▶ DIRECTIONS:
For this exercise, return only the lines in the records below from the one holding "Borsa a Spalla" through the one holding "2025-2026 PSV Eindhoven", including both, exactly as they appear and without pictures.

== DATA FOR THIS TASK ==

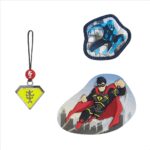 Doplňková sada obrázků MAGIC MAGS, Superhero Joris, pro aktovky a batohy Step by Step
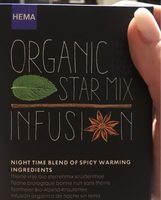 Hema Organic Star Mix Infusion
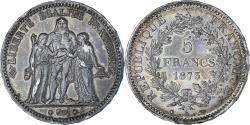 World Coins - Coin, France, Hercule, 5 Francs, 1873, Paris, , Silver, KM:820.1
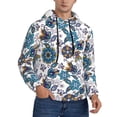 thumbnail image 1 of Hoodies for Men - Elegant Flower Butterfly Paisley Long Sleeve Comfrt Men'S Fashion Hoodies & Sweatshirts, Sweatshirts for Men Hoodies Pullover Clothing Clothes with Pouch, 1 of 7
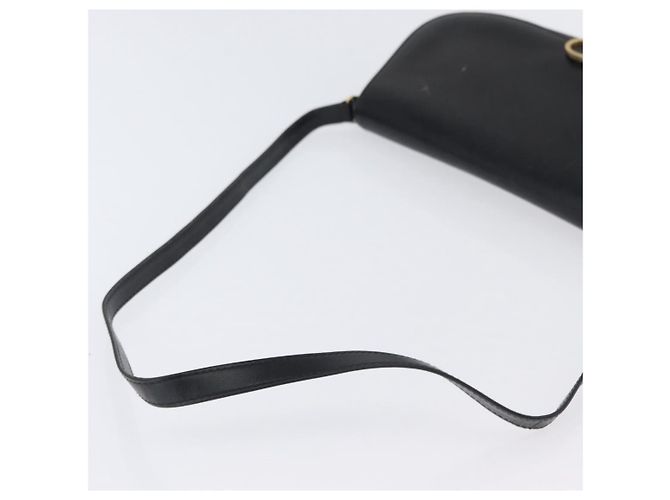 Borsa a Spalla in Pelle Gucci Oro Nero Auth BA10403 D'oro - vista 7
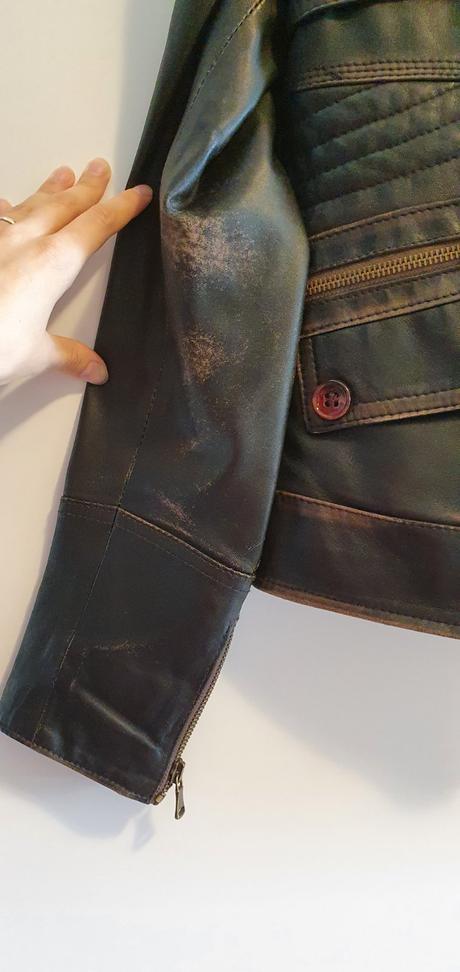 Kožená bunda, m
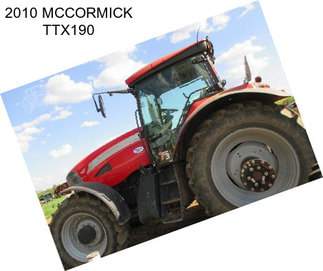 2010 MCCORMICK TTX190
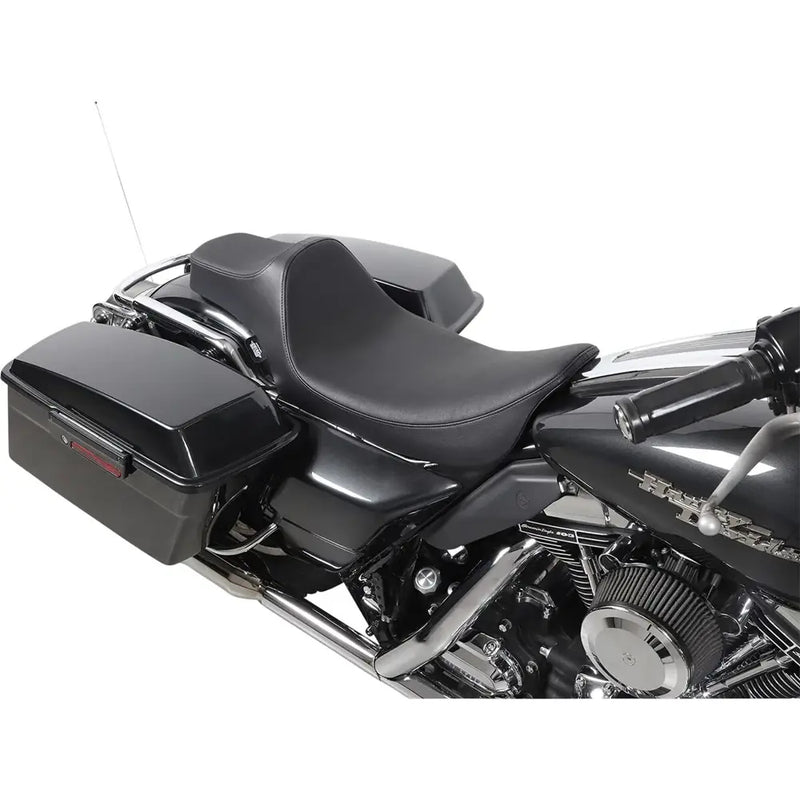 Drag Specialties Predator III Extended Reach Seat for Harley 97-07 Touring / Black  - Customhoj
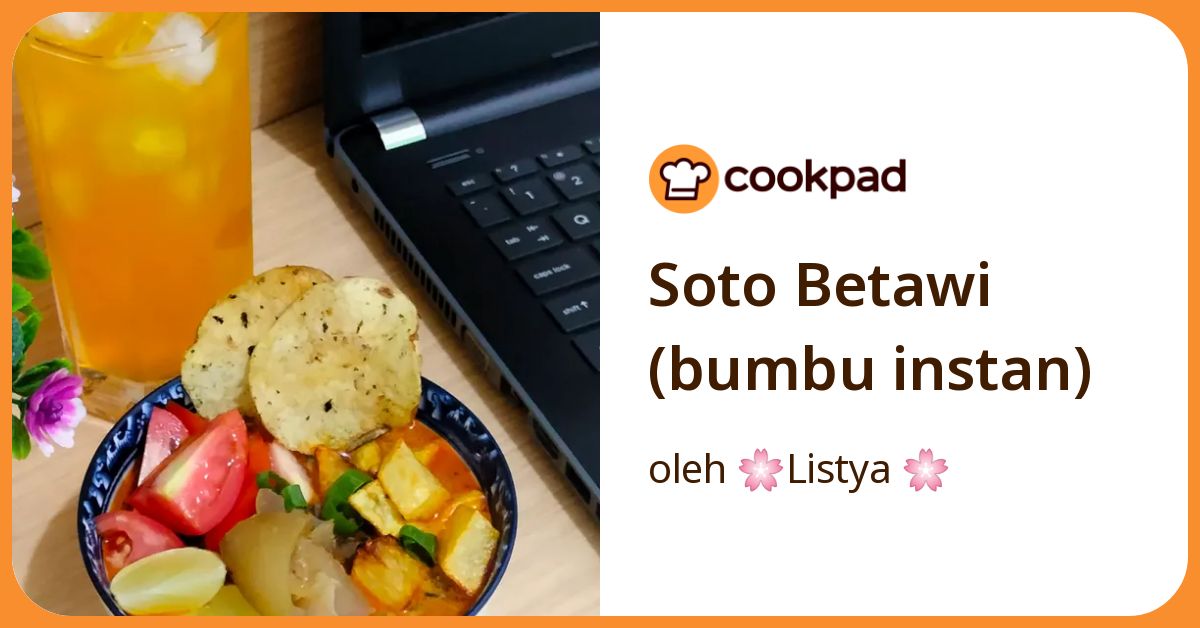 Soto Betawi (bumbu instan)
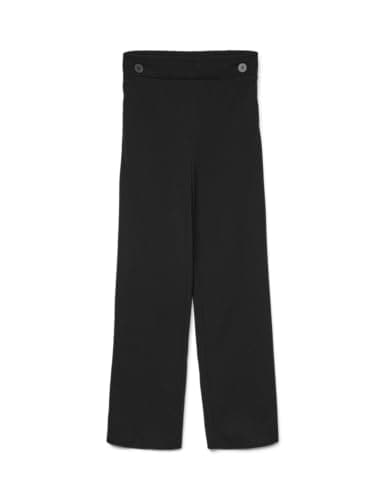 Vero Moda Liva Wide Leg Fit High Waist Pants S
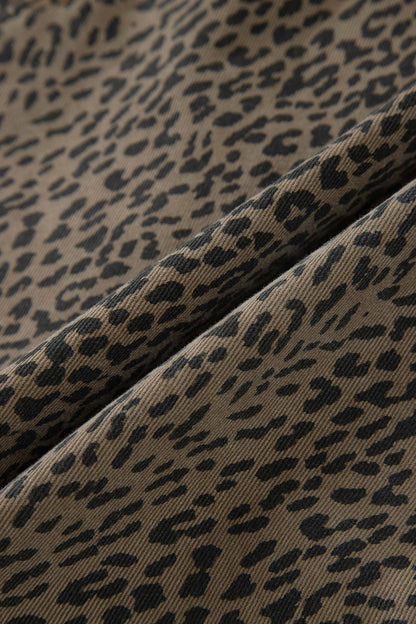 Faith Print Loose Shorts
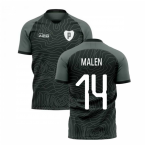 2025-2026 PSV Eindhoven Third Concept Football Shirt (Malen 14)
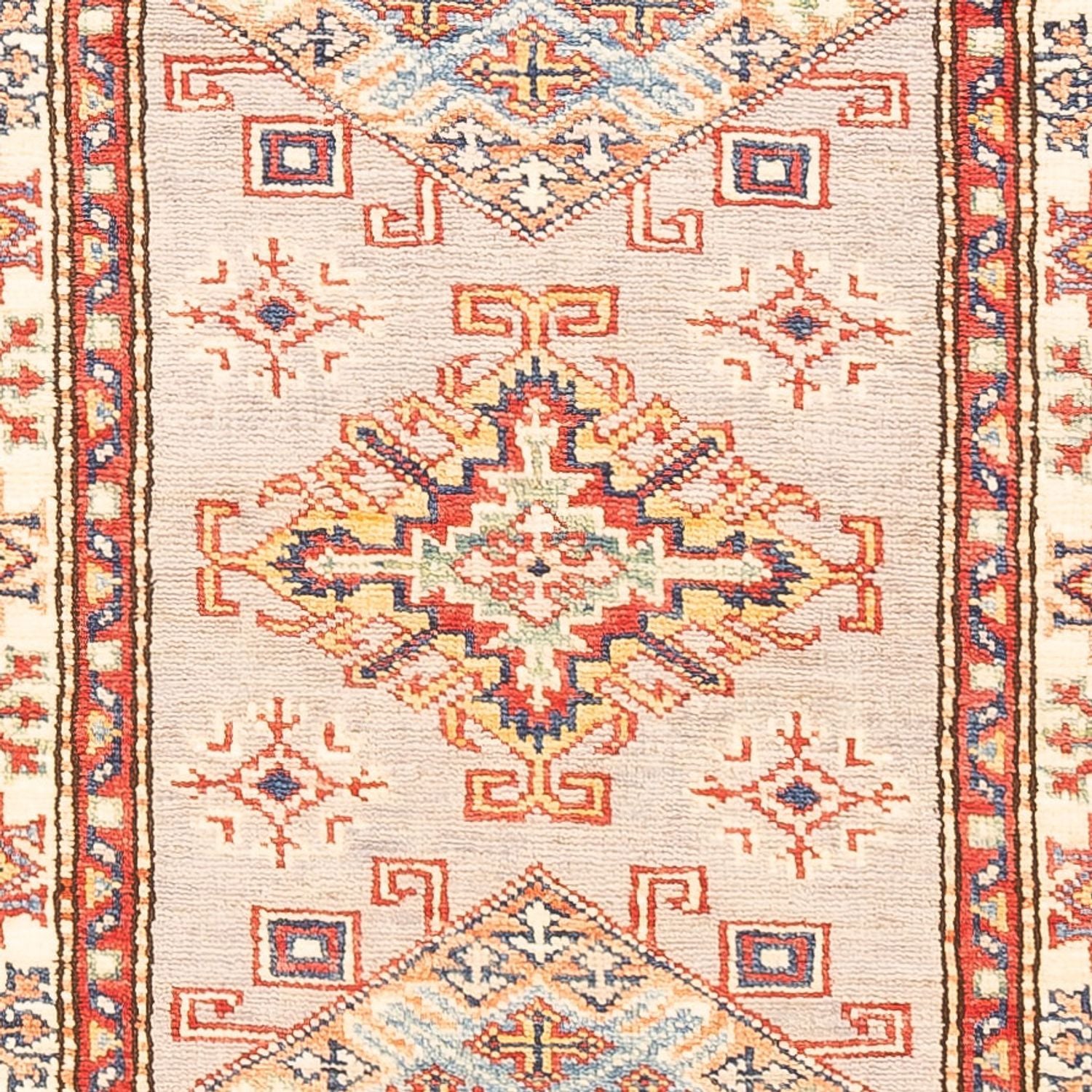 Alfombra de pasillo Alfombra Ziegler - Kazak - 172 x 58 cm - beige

===

▶ RESPONSE BELOW:
 Borsa a Spalla in Pelle Gucci Oro Nero Auth BA10403 D'oro - vista 7
 Kožená bunda, m
 2010 MCCORMICK TTX190
 Drag Specialties Predator III Extended Reach Seat for Harley 97-07 Touring / Black  - Customhoj
 Soto Betawi (bumbu instan)
 Vero Moda Liva Wide Leg Fit High Waist Pants S
 Faith Print Loose Shorts
 2025-2026 PSV Eindhoven Third Concept Football Shirt (Malen 14)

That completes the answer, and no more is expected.